Friday, April 21, 2023

Data queries and transformations via WebAssembly plugins

Following on the previous research I've done on using WebAssembly as a way to write plugins possibly in several languages and running them in a Rust app via the Wasmer.io runtime, I've started building something more extensive.

The plugins now allow writing data querying and transformation code without having to deal with the low level details on how to connect to the underlying database. A plugin can:

- define the input parameters it needs to run.

- based on the actual provided values for these parameters, generate a SQL query string and bound parameters that actually need to run on the database. So a plugin can have full control on the SQL generation. Some plugins could always use the same SQL query and just use bound parameters coming from their input parameters, or could do any kind of preprocessing to generate the SQL, for things that bound parameters don't allow.

- the runtime will run the query with the bound parameters on the underlying database, and return the result row by row to the plugin. The plugin can then do whatever processing on each row it needs, and return intermediate results or only return results at the end.

Since I using Wasmer, let's define the interface we need in WAI format:

// Get the metadata of the query.
metadata: func() -> query-metadata

// Start the query processing with the given variables.
start: func(variables: list<variable>) -> execution

// Encapsulates the query row processing.
resource execution {
// The actual query to run.
query-string: func() -> string

// The variables to use in the query.
variables: func() -> list<variable>

// Callback on each data row, returning potential intermediate results.
row: func(data: list<variable>) -> option<query-result>

// Callback on query end, returning potential final results.
// Columns are passed in case no data was returned.
end: func(columns: list<string>) -> option<query-result>
}

The simple data types are left out for brevity (they are defined in their own file), but hopefully the intent of this interface should be clear.  The metadata function returns a description of what the plugin does and what parameters it takes (a parameter is strongly typed). The start function take actual values for parameters and return an execution resource. This execution exposes the actual query string and bound parameters for that query (via the variables method). The runtime will then call the row function for each result row and the end function at the end. Each of these can return a possibly partial result. The end function takes the names of columns so that proper metadata is known even if the query returned no row.

Examples of very basic plugins used in tests can be seen here and here. They just collect the data passed to them and return it in the end method.

Each plugin can then be compiled to WASM for example via the cargo wapm --dry-run command provided by Wasmer.

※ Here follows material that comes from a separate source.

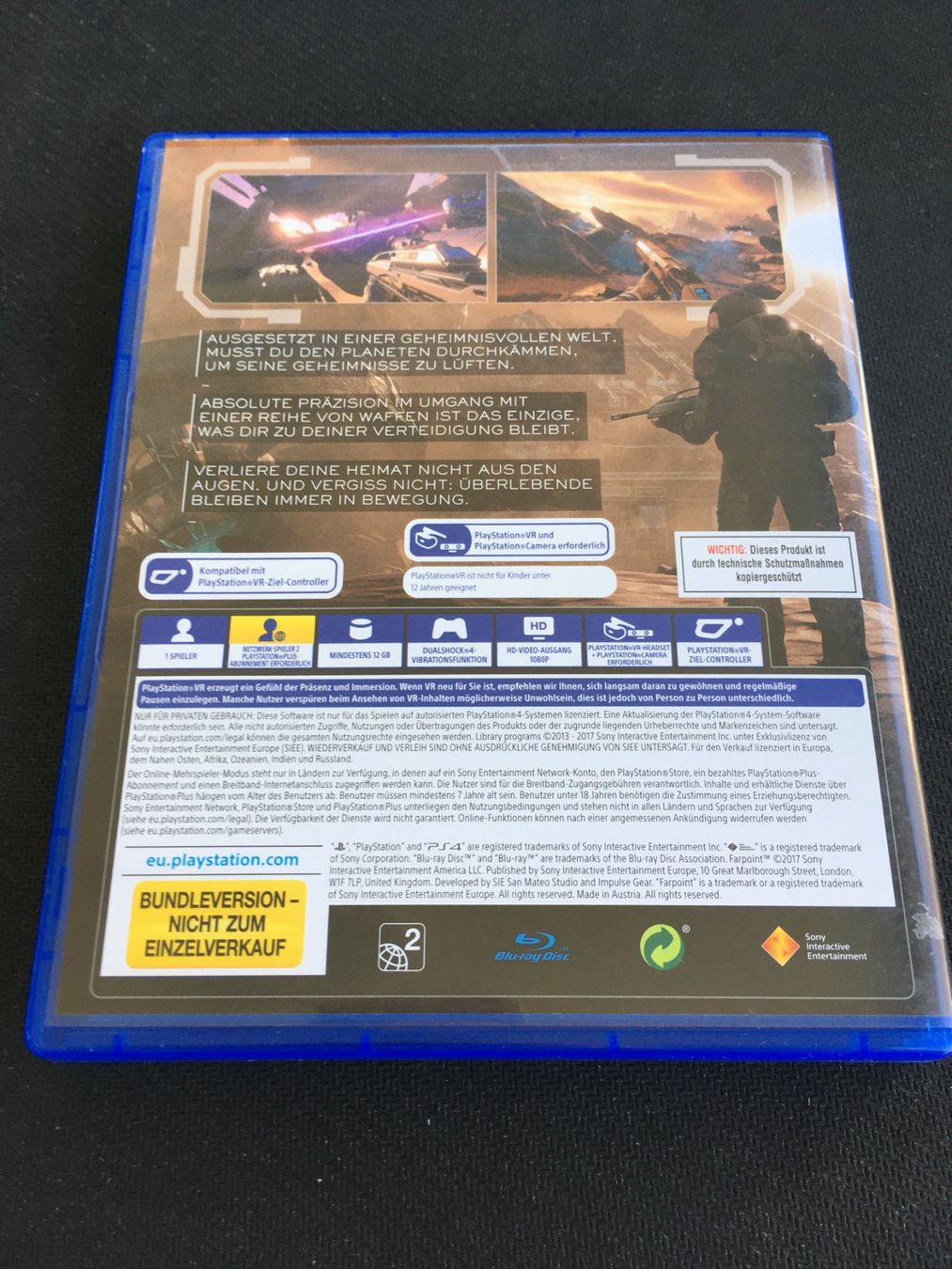 Sony Giochi: Farpoint für PS4 / Playstation 4 – Usato da St.Gallen venduto da sjosjo 1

The current runtime I've built is very simple: it takes all plugins from a folder and database connections are defined in a YAML file, and only Sqlite and Postgres are supported. An executable is provided to be able to run plugins from the command line.

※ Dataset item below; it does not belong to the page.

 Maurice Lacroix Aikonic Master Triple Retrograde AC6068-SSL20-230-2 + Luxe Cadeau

Using a WAI interface and not having to deal with low level WASM code is great. cargo expand is your friend to understand what Wasmer generates as structures are generated differently between the import! and export! macros, so some structures own their data while some take references, which can sometimes trip you up.

Of course I would need to test this for performance, to determine how much copying of data is done between the Rust runtime and the WASM plugins.

Let me know if you have use cases where this approach could be interesting! As usual, all code is available on Github.


Tuesday, April 11, 2023

WebAssembly: bidirectional communication between components and host

Still investigating the use of WebAssembly to implement a plugin system using Rust and Wasmer. In the previous post, I could load a WebAssembly plugin that implemented an interface that the host knew about. But since WebAssembly is very limited by design in terms of API, as soon as a plugin wants to interact with the outside world in some shape of form, it needs to be able to call an API the host will provide. Thus the host can ensure safety, performance, etc. without allowing the WebAssembly code direct access to real resources.

So let's say we'd like to customize our greeting message based on the time of day. We're going to need a very simple function to tell us the current hour of the day:

hour: func() -> u32

This goes into host.wai. In our english-rs module we can then import! this file with standard web assembly Rust generation and use it in our implementation of greet:

wai_bindgen_rust::export!("greeter.wai");
wai_bindgen_rust::import!("host.wai");

struct Greeter;

impl crate::greeter::Greeter for Greeter {
/// The language we greet in.
fn language() -> String {
String::from("English")
}

/// Greet the given name.
fn greet(name: String) -> String {
let hour = host::hour();
if hour < 12 {
format!("Good morning, {name}!")
} else if hour < 18 {
format!("Good afternoon, {name}!")
} else {
format!("Good evening, {name}!")
}
}
}

Note how we call the host::hour function and get the hour. Of course here we doing something trivial using standard WebAssembly types like u32, things would become more complicated if the types get more complex.

The host code needs to provide an implementation of the hour function and inject it via imports:

fn hour() -> u32 {
let now = chrono::Local::now();
now.hour()
}
 
fn main() -> Result<()> {
 ...
let imports = imports! {
"host" => {
"hour" => Function::new_typed(&mut store, hour)
},
};
let instance = Instance::new(&mut store, &module, &imports)?;
...

Et voilĂ !

cargo run -- "JP Moresmau"
Language: English
Greeting: Good afternoon, JP Moresmau!

All code can be found as before at https://github.com/JPMoresmau/greet-plugins/tree/wasmer-wai.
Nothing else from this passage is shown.